If you're a runner, hiker or cyclist…
"If you want to run injury-free, and if you want to be able to run long-term, you've got to have a strong core," says Hagan. In fact, even if you're a hiker or cyclist, having a strong core will help keep you safe. We don't usually think of the core as being integral to these activities, but the abdominal, back and glute muscles that make up the core are key to those movements. Hagan explains that all of those activities involve reciprocal movements, where you're moving one foot forward at a time. You need a strong core to keep your spine stable during these movements, as well as to help transfer each limb's movement so that you can propel your whole body. "It's the core that helps you transfer that force from the leg through the body to create momentum," says Hagan.
How to train: To help strengthen those core muscles to prevent running or cycling injuries and to help you build better endurance into your activity, Hagan recommends a 30-minute core class, like GoodLife's CXWORX. "It's set up very intelligently to target all the core muscles, which is not just your abdominals, but your back, your hip and glute muscles, and even your shoulder girdle muscles that you need to have a strong and consistent stride."
Key moves to try: High plank, side plank, bridge and single-leg bridge will all work your abdominals, back and glutes, while squats and lunges performed with weights will use both your core and leg muscles.
If you're a golfer, baseball player or tennis player…
All of the swinging movements involved in these sports can quickly lead to injuries. You might think that swinging a racket seems simple enough, but your body likely isn't prepared to do it 100 times in a game. Hagan stresses that people playing these sports need to build their arm, shoulder, upper back and core strength. And, if you're playing a particularly active sport, such as tennis, you also need to be agile and mobile. "Being mobile means being strong and flexible, and that means stretching," says Hagan.

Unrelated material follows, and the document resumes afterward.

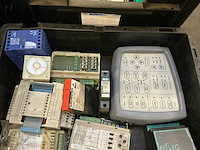 Partij industriële componenten - afbeelding 17 van  18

How to train: Doing exercises that require pushing or pulling movements (think pushups and pull-ups) can help to prepare your upper body. Yoga can help you stay flexible so you can reach in all directions and turn on a dime. Players of fast-paced team sports, such as soccer players, can also benefit from high-intensity Tabata-style classes that test their agility and build their endurance. Hagan recommends GoodLife's BODYSHRED class to help train for those sports that leave you breathless. "These classes mimic sport, where you get out on the field, you run hard for 90 seconds, then you get 30 seconds to recover and you're out on the field again," says Hagan.
Key moves to try: Pushups, pull-ups, chin-ups and other pulling moves using cables or kettlebells will help build that upper-body strength. And since you need to train for flexibility throughout your whole body, go for a full-body yoga class—no spot-training will suffice.
If you're a kayaker, rower or canoeist….
Paddling also involves some intense upper body movement, but when you're cross-training, don't focus solely on the arms. "The core is what allows the arms to pull the paddle through the water. It's not the arm; it's the shoulder and the core," says Hagan. "You need to have a firm foundation to pull from, so you have to have really strong and firm hips and butt muscles." All of those muscles help to stabilize you in the boat, so you get more power out of each paddle.
How to train: "Basically your upper body needs to push and pull more than your body weight," says Hagan. Hagan points out that all kinds of gym equipment, such as rowing machines, as well as machines that allow you to pull weight from the side or overhead, can be great for people in these sports. She also recommends a core class like CXWORX.
Key moves to try: Variations on bridges and planks can help work the core, while pushups and rows can build upper-body strength in the arms, shoulders and back.